[Image-text web data]

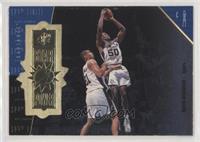 Star Power - David Robinson #/2,700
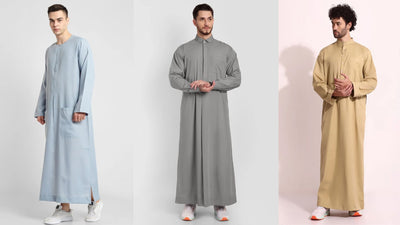 Jubba Dress: Where to Find the Best Ramadan Ready Styles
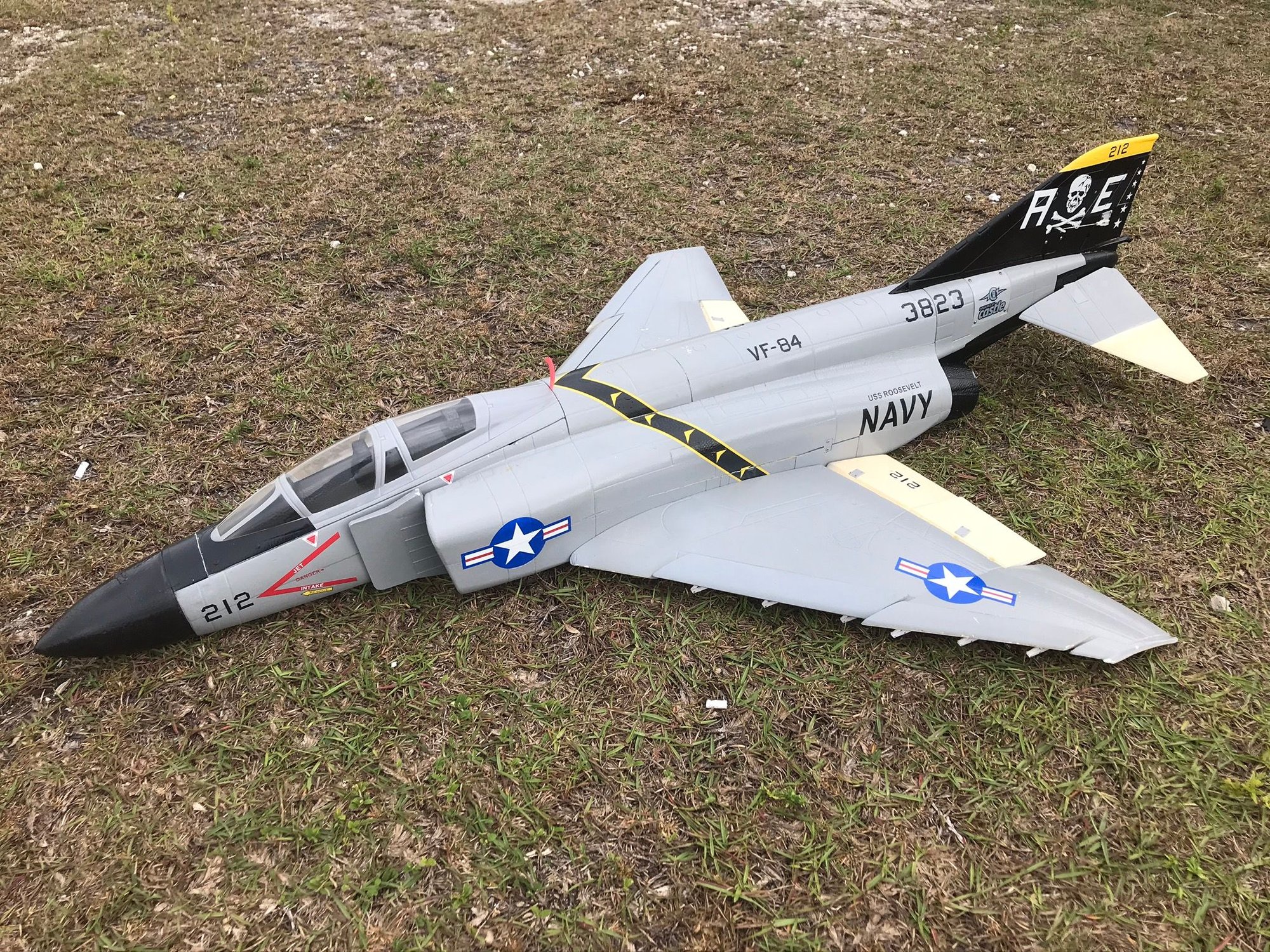 Rc F4 phantom & F22 Raptor RCU Forums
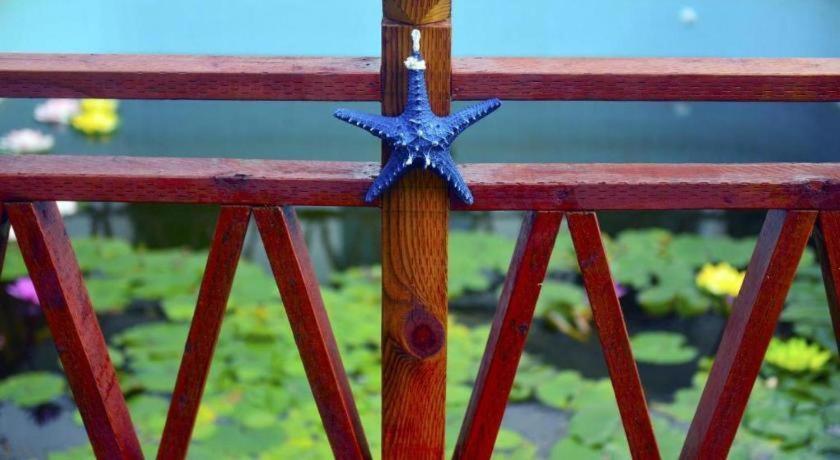 Отель Blue Saipan Garden Экстерьер фото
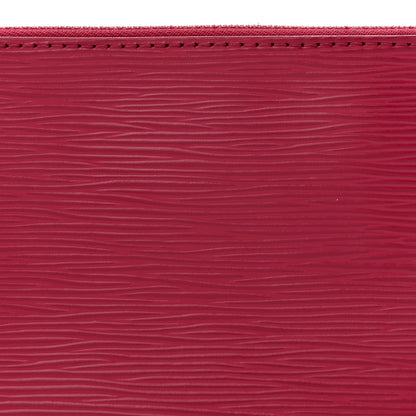 Louis Vuitton Epi Pochette Accessories NM Fuchsia 8 of 10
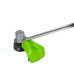 Триммер аккумуляторный GreenWorks GD82BCK2 2110607UA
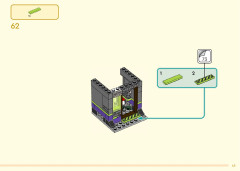 LEGO 80054 instructions page 45 – build guide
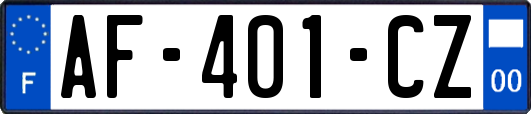 AF-401-CZ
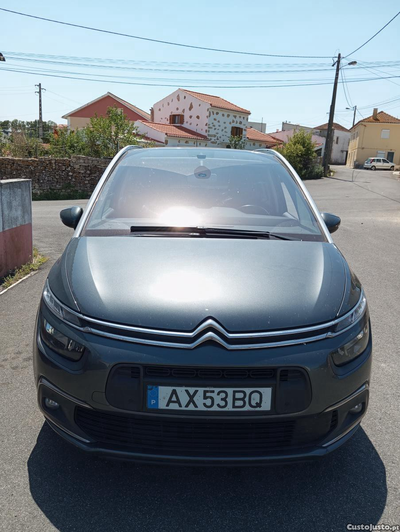 Citroën C4 Grand Picasso C4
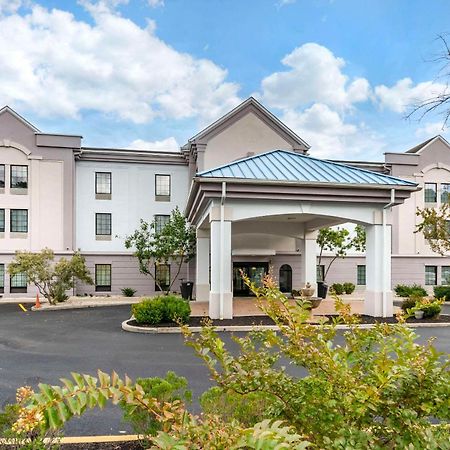 Comfort Suites Ocean City West West Ocean City Esterno foto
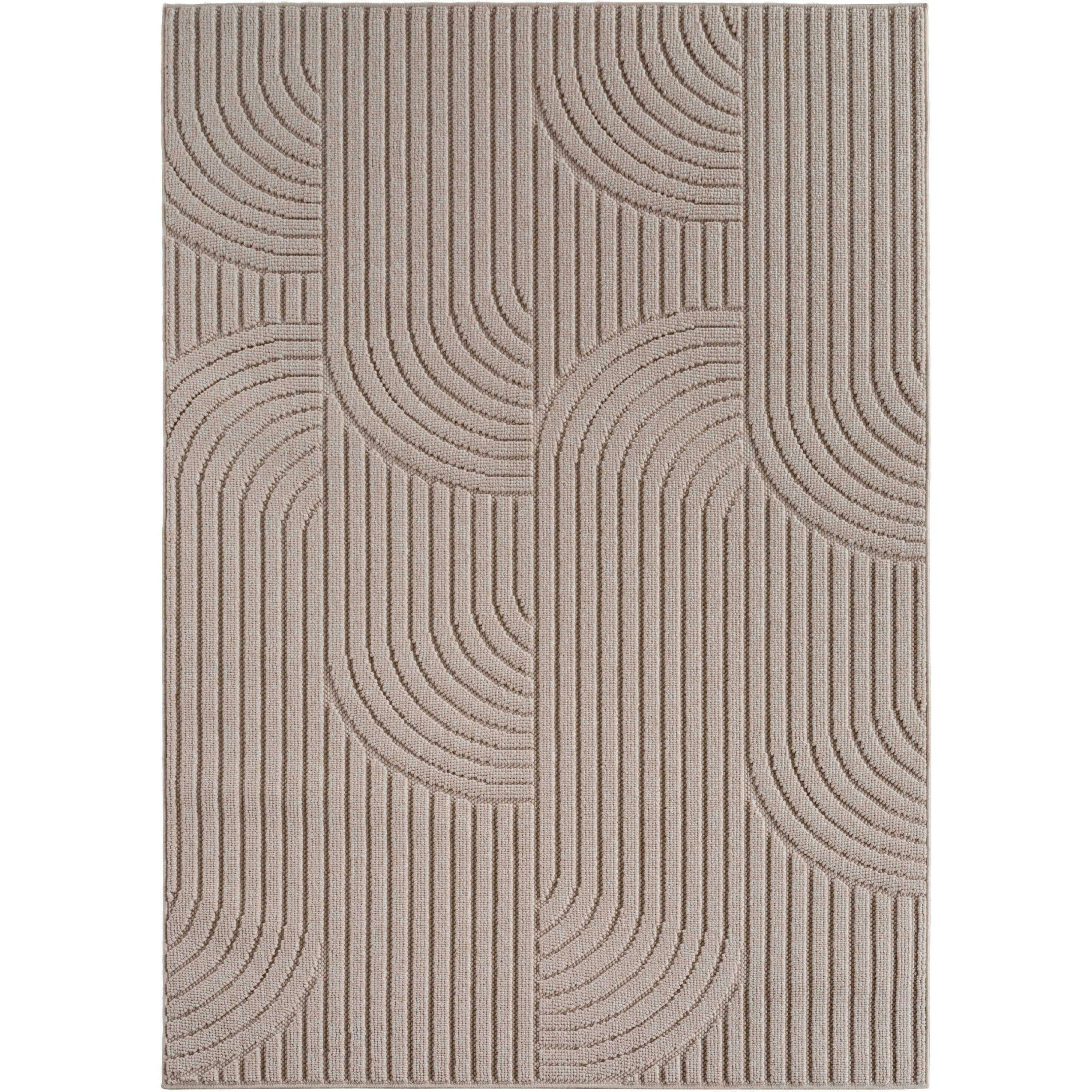 Kusový koberec Helix 2201 beige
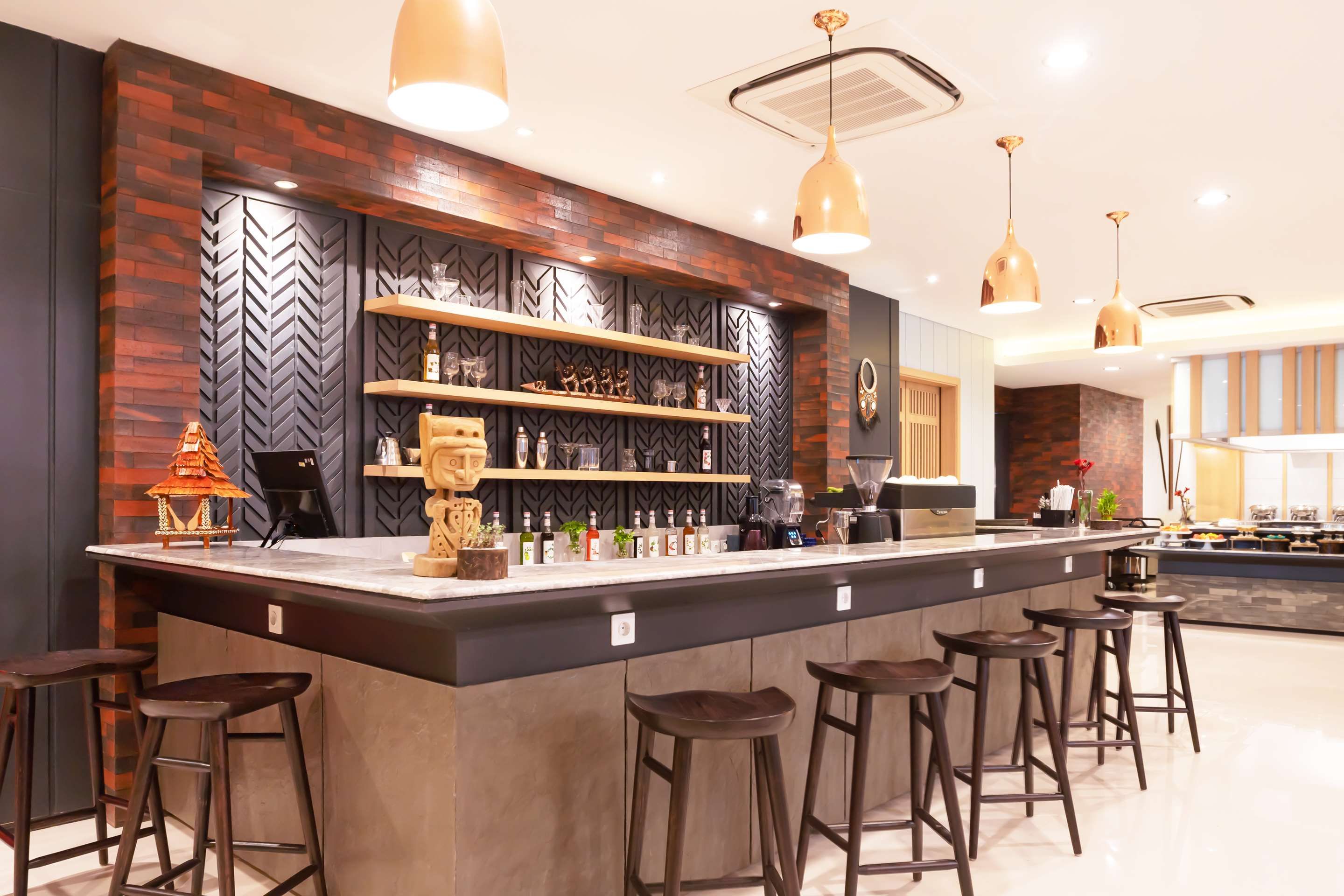 Best Western Sagita Hotel Jayapura - Jayapura - Bar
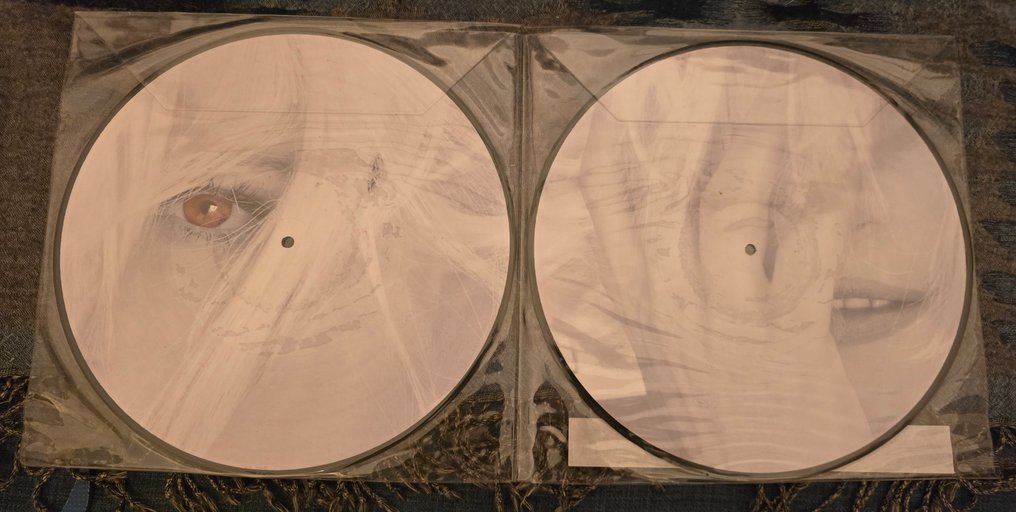 Mylene Farmer - Monkey Me - 2xLP Album (double album) - Picture disc - 2013 #2.1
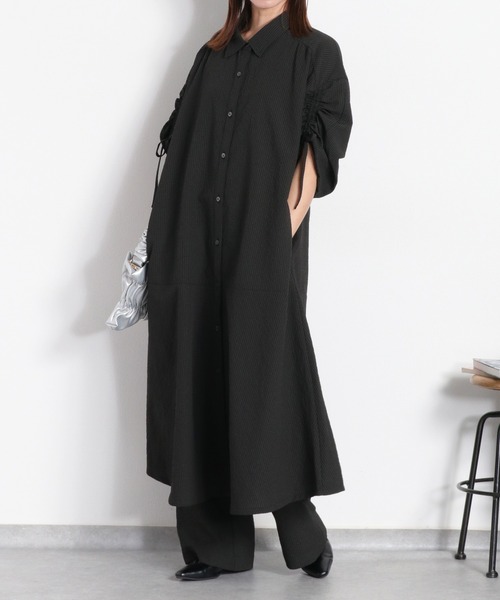 cepo（セポ） パーティードレス シャツワンピース 「セットアップ対応
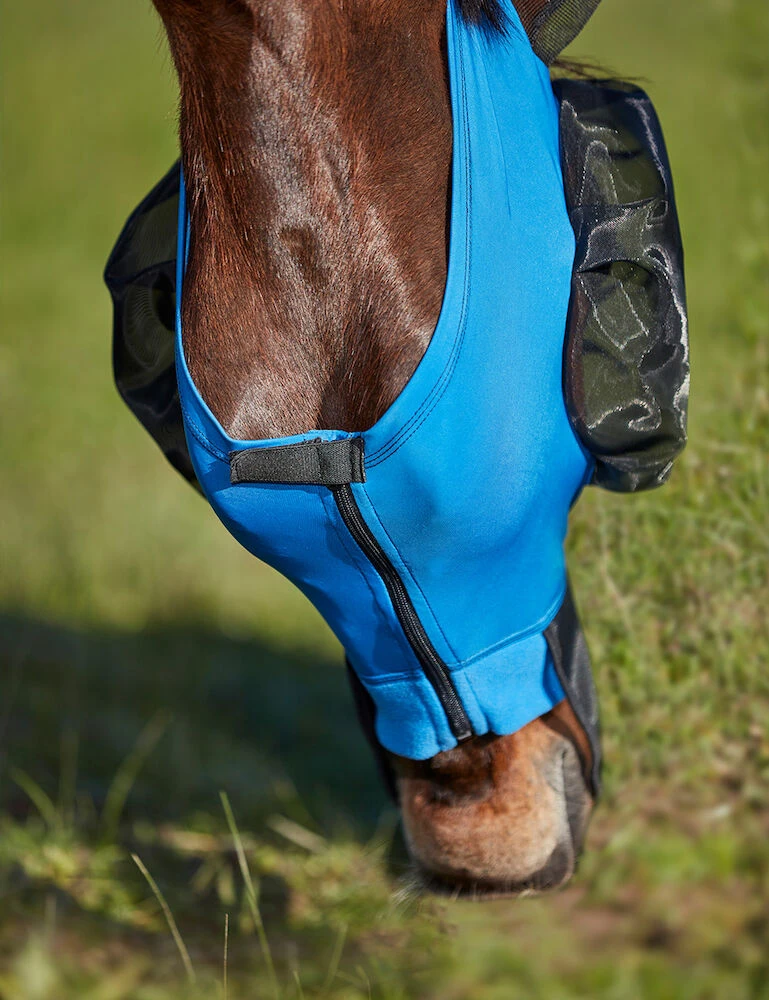 WEATHERBEETA ComFiTec Luxe Bug Eye Saver With Ears And Nose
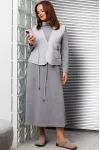 Костюм INVITE 6073-1 серый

PROBLEM TO WORK ON:
What is needed is a word-for-word copy of the lines from the one containing "Best Western Sagita" through the final line of the records above, both included, with the pictures left out.

TASK RESULT:
 Best Western Sagita Hotel Jayapura - Jayapura - Bar
 Mylene Farmer - Monkey Me - 2xLP Album (double album) - Picture disc - 2013 #2.1
 cepo（セポ） パーティードレス シャツワンピース 「セットアップ対応
 WEATHERBEETA ComFiTec Luxe Bug Eye Saver With Ears And Nose
 Костюм INVITE 6073-1 серый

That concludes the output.